The Tikka T3 is certainly not the only modern hunting rifle to adopt some or most of these production shortcuts. I have not chosen it for the lead in this article just to pick on Tikka. I have chosen it as the poster child for cheap rifles because it is one of the few models to incorporate all of these cost and quality reducing shortcuts. If there is a production shortcut out there, the T3 has probably already incorporated it.
Then there is the Tikka 1" 100-yard test. I have yet to see, or even read about, a T3 hunting rifle that will consistently meet Tikka's 3-shots into 1" at 100 yards accuracy claim.
Now, unlike many gun writers today, I try not to over emphasize the importance of accuracy in big game hunting rifles. Big game animals are large and hair-splitting accuracy is almost never required. A rifle that will shoot into 2" at 100 yards (2 MOA) is accurate enough for most purposes. A hunting rifle that will average 1.5 MOA groups is a good one, and most T3 rifles fall into that category.
But the Beretta/Sako/Tikka conglomerate heavily advertises their accuracy guarantee. They market their rifles on that basis. And, in my experience, most Tikka T3 rifles simply will not consistently meet their own accuracy guarantee. If a average T3 will shoot an occasional 1" group with any load it is doing well. (Want a real MOA hunting rifle? Read our review of the Weatherby Vanguard SUB-MOA on the Product Review Page.) Why do none of my fellow gun writers in the popular press call Beretta on its misleading advertising?
That is, of course, a rhetorical question. The answer is simple: Beretta Corp. is a big bucks advertiser in the popular print magazines. But what about the writers' and editors' obligation to their readers, who pay their hard earned dollars to read those reviews? Obviously, the word "integrity" has been deleted from the print mag publishers' spelling checkers.
To add insult to injury, the Tikka T3 is a cheap rifle, but not an inexpensive one. These things cost as much or more than some higher quality, better designed, and better turned-out hunting rifles.
None of this means that a person cannot hunt successfully with a Tikka T3 rifle, or that Tikka owners are a particularly dissatisfied lot. There are many T3 owners who have no complaints, and many who are pleased with the performance of their T3 rifles and satisfied with their purchase. In truth, they are safe, functional rifles and perfectly capable of killing game in the hands of an adequate shot. The same could be said about most other economy models, including the Stevens 200, Remington 710, and NEF rifles.
But I suspect that most satisfied T3 customers are not experienced rifle buyers. A person who has never owned a fine rifle is much more likely to be tolerant (or ignorant) of an economy rifle's shortcomings than an experienced shooter and hunter. The relative newcomer simply has inadequate personal experience upon which to formulate an informed opinion.
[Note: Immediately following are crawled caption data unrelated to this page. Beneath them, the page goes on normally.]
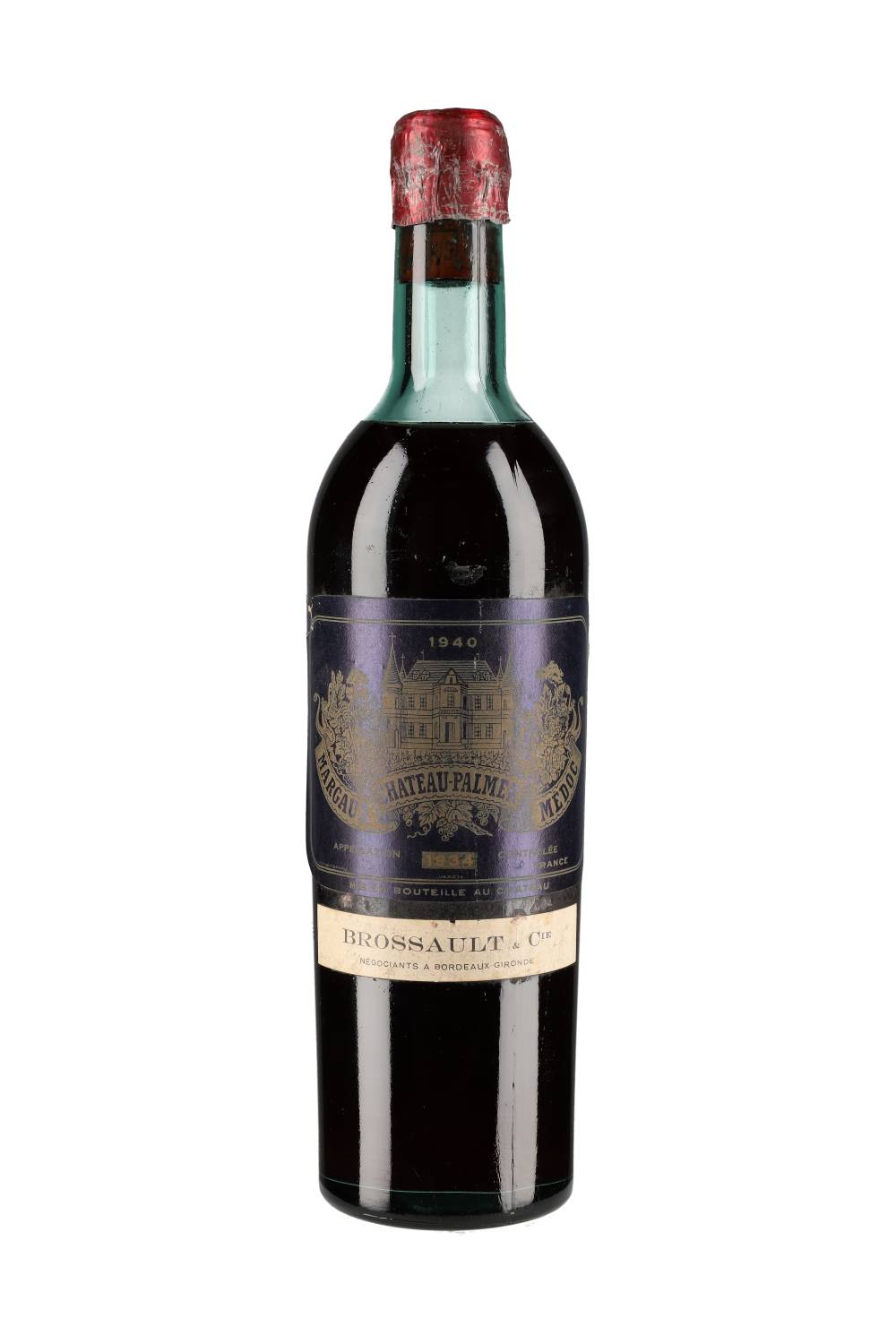 Château Palmer Margaux 1940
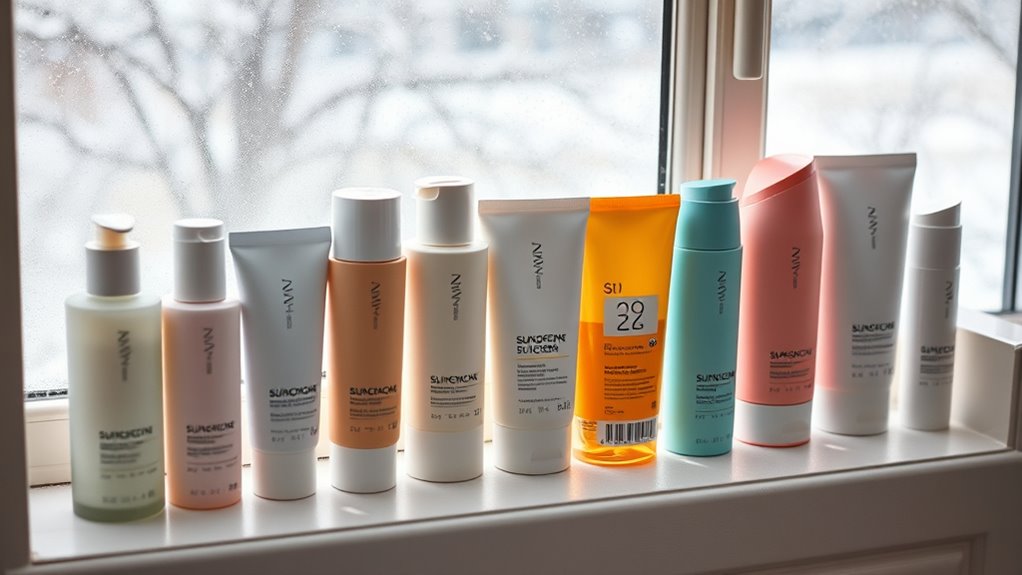 winter korean sunscreens guide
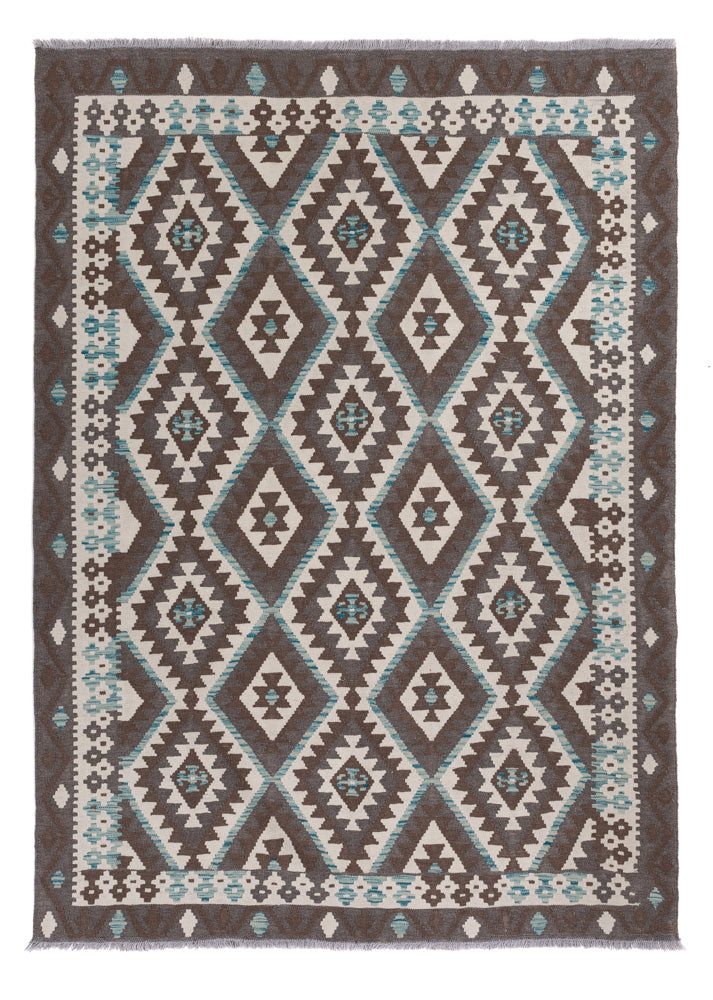 Kilim Maimana Koberec 243x176cm - Vlněný koberec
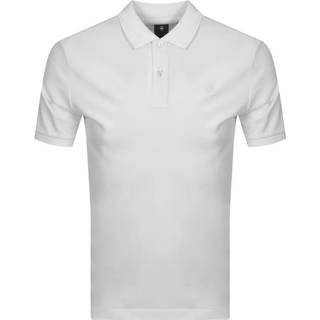 Dunda Slim Polo - White - Men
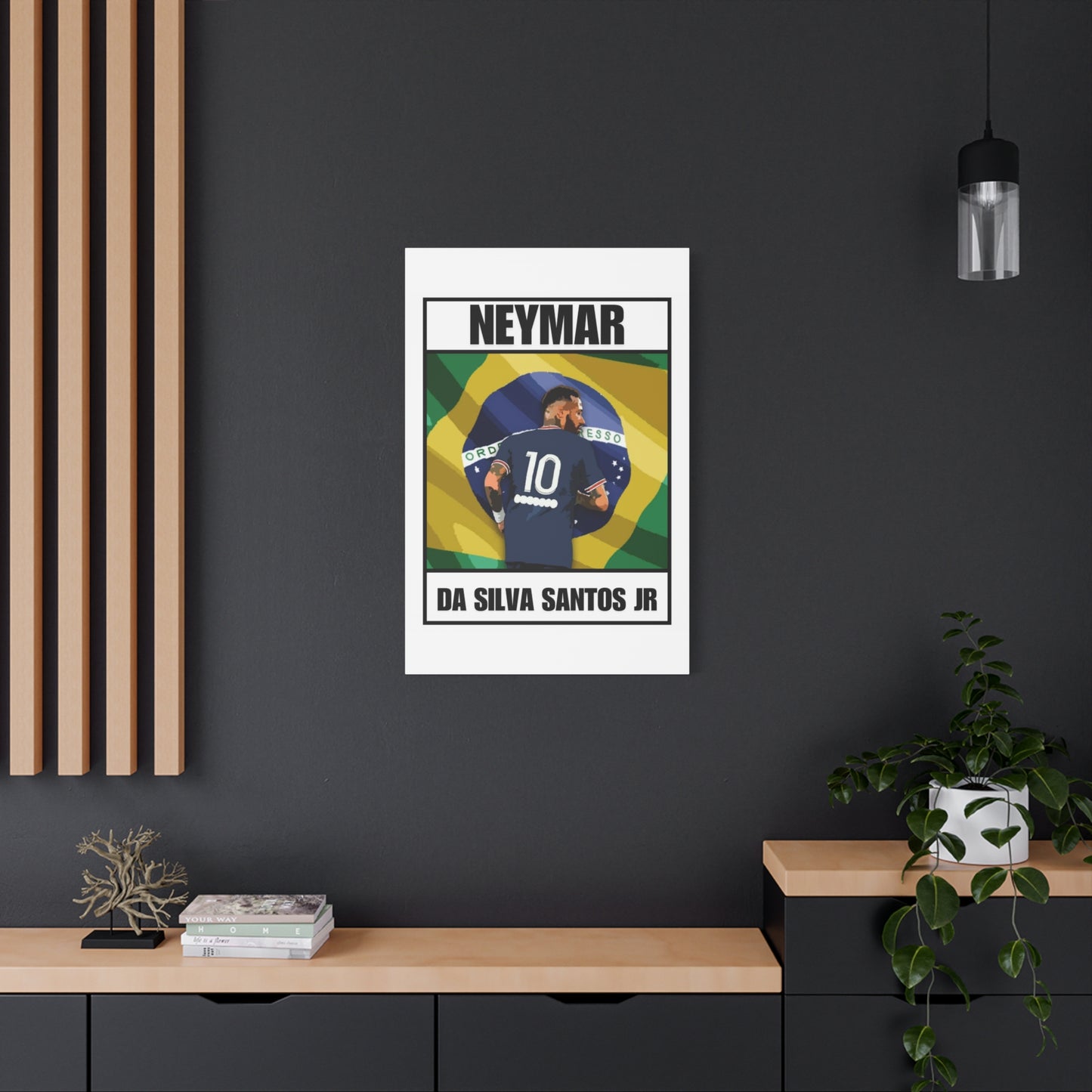 Neymar Jr. Canvas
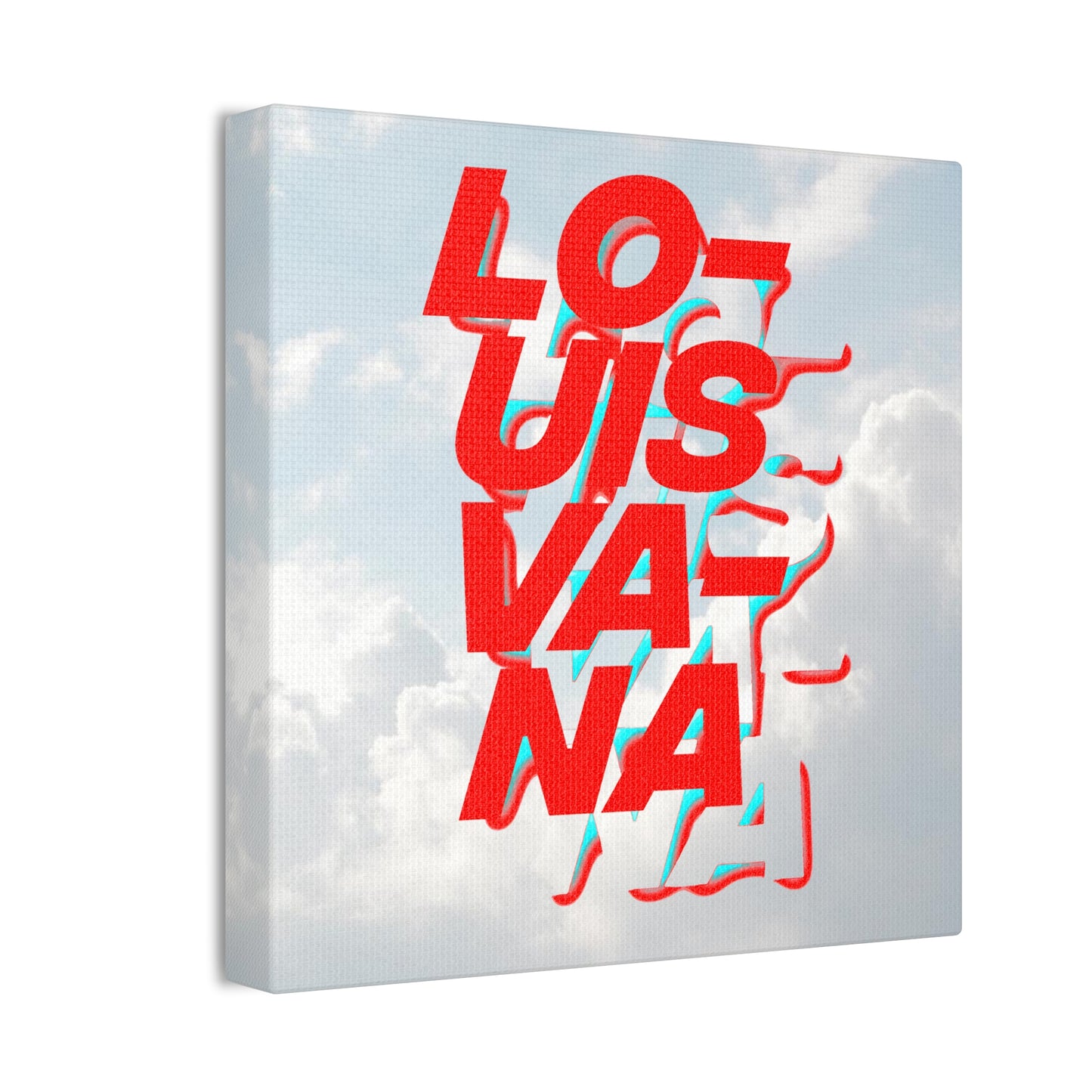 LOUISVANA™ Stretched Canvas, 0.75" 10x14
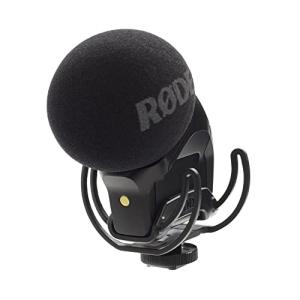 【国内正規品】 RODE ロード Stereo VideoMic Pro Rycote ステレオコンデンサーマイクSVMPRの商品画像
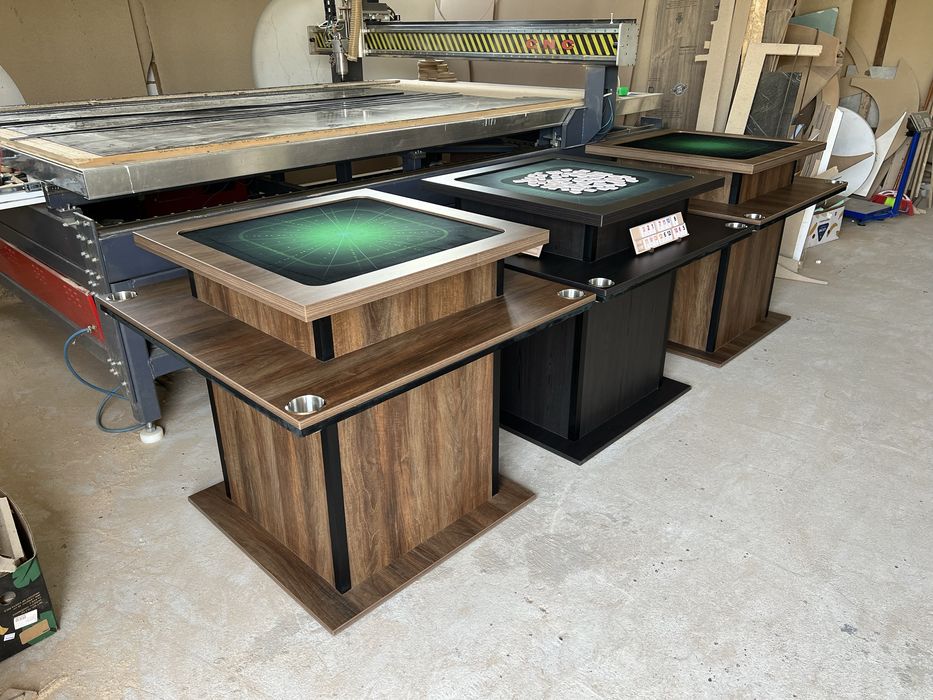 Cea mai smechera masa de Remi din Romania . Masa hibrid 2in1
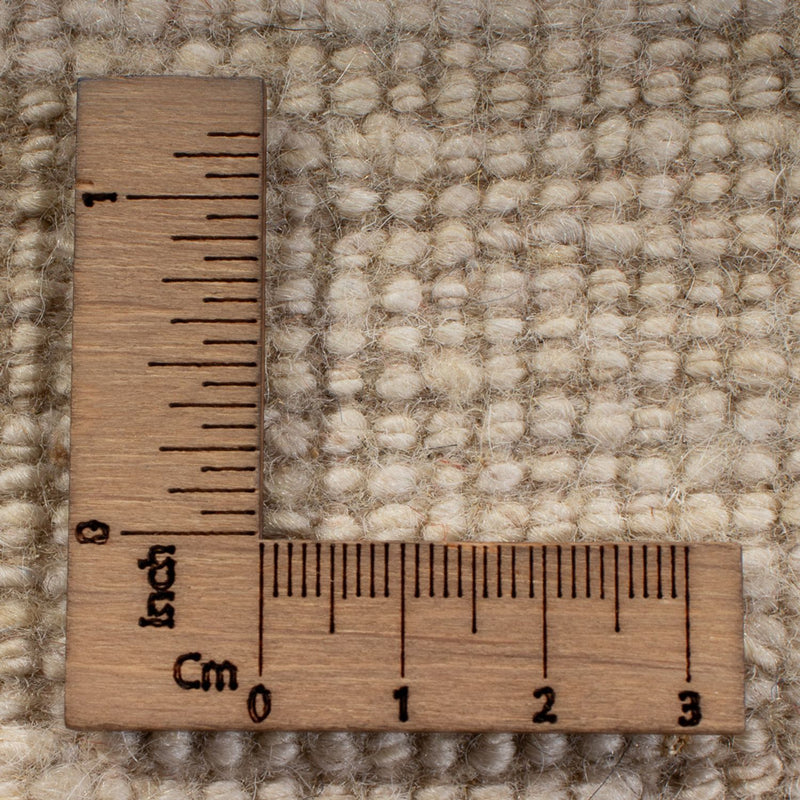 Alfombra Gabbeh - Persa - 255 x 174 cm - blanco
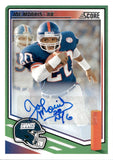 2025 Joe Morris Panini Score AUTOGRAPH AUTO #49 New York Giants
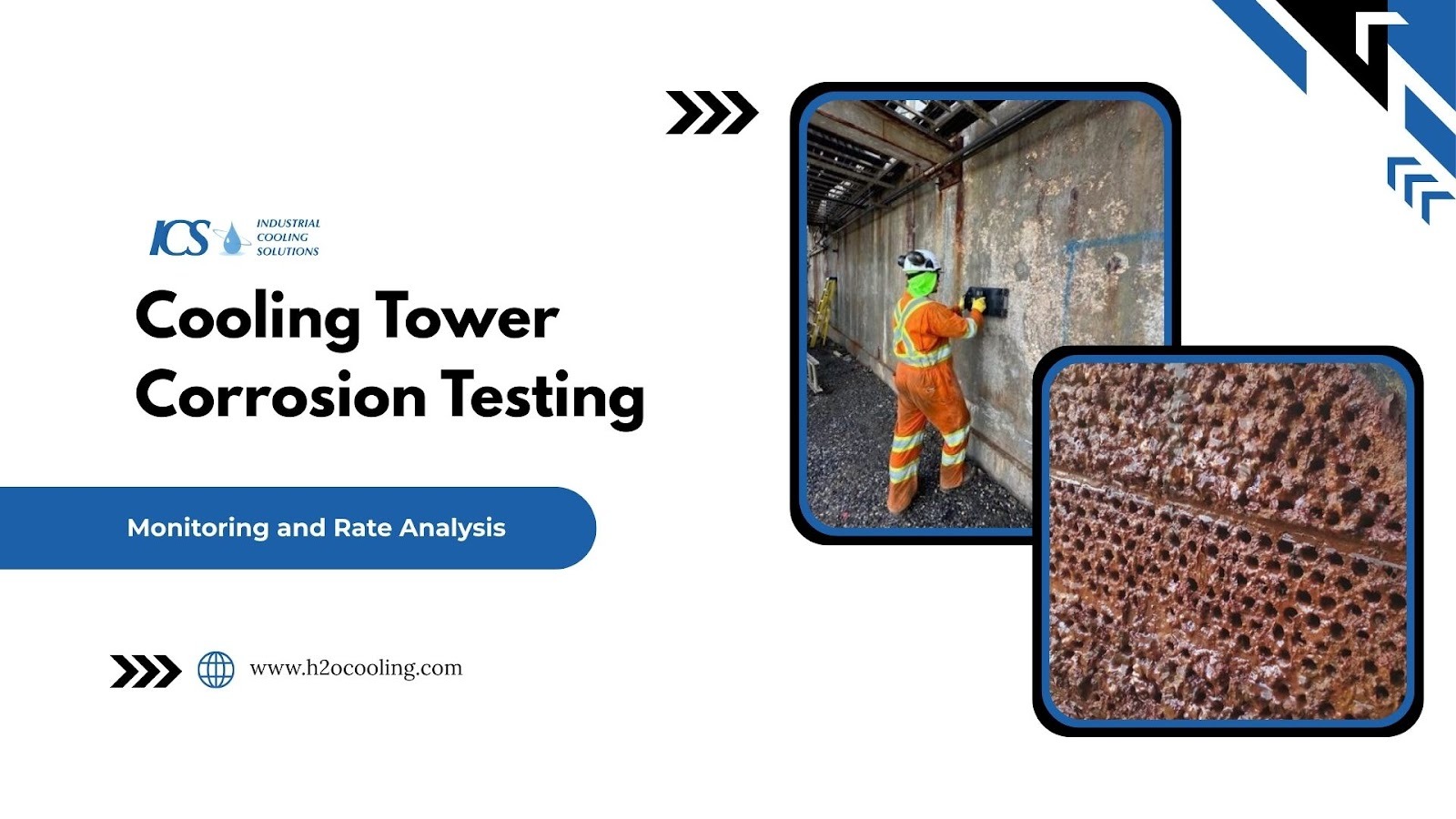 cooling tower corrosion testing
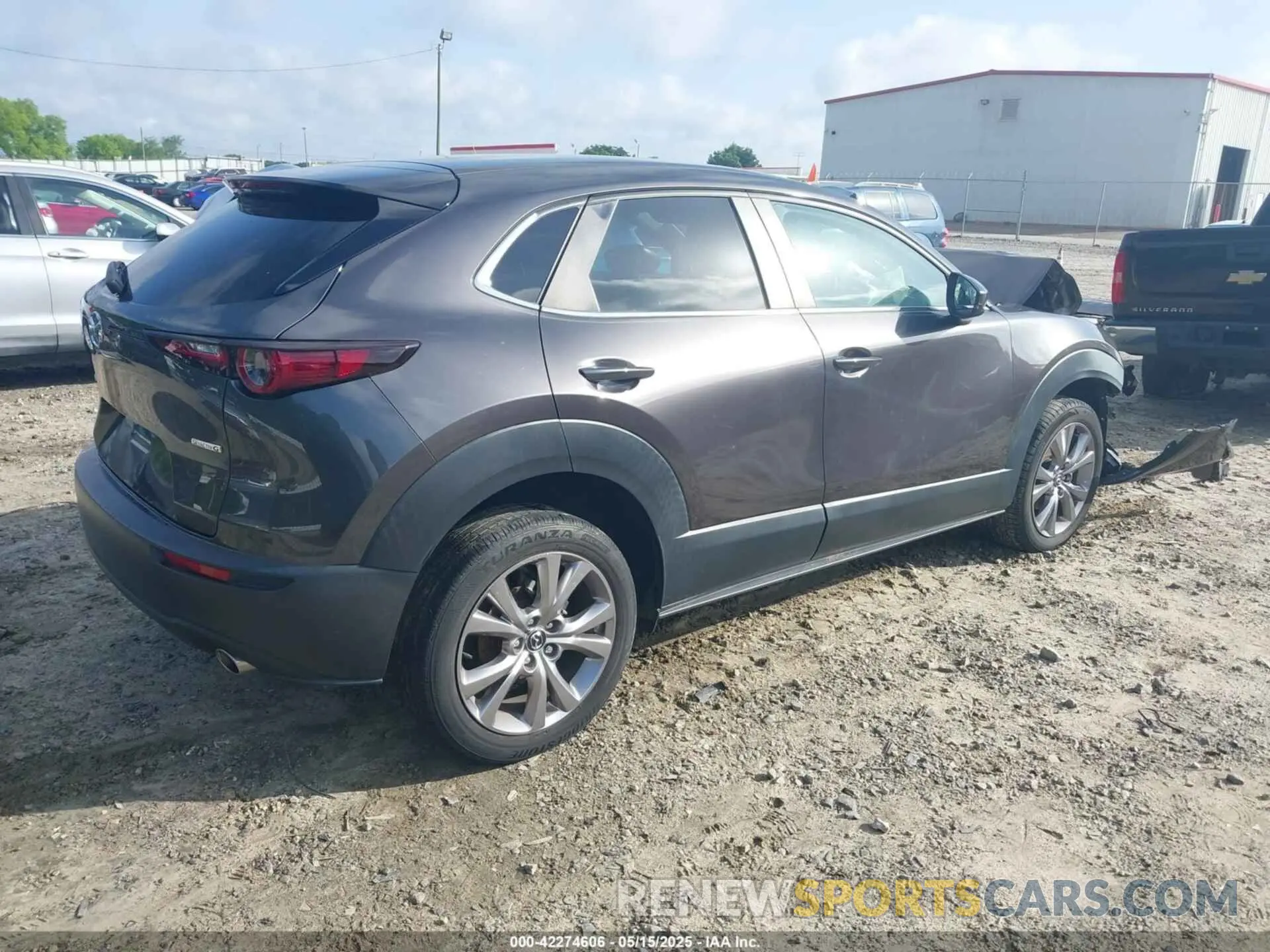 4 Фотография поврежденного автомобиля 3MVDMACL3LM137953 MAZDA CX-30 2020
To make a crude analogy, all acoustic guitars may feel pretty much alike in the hands of a person who doesn't play, but not to a virtuoso. Similarly, I'll bet that most hunters who use economy rifles don't realize that their rifle's cheap plastic stock is too thick through the wrist and forearm. This is something that comes into play every time they pick up their rifle, yet they don't even know that it is deficient! They have never owned a rifle equipped with a well-designed stock, so they have no frame of reference and simply don't understand how much better a good rifle feels in the hands.
Still, I find it hard to understand how Tikka stays in business offering less rifle for more money. The T3's success is a tribute to the ignorance of the modern American sportsman--and the connivance of the sporting press upon which they rely for information.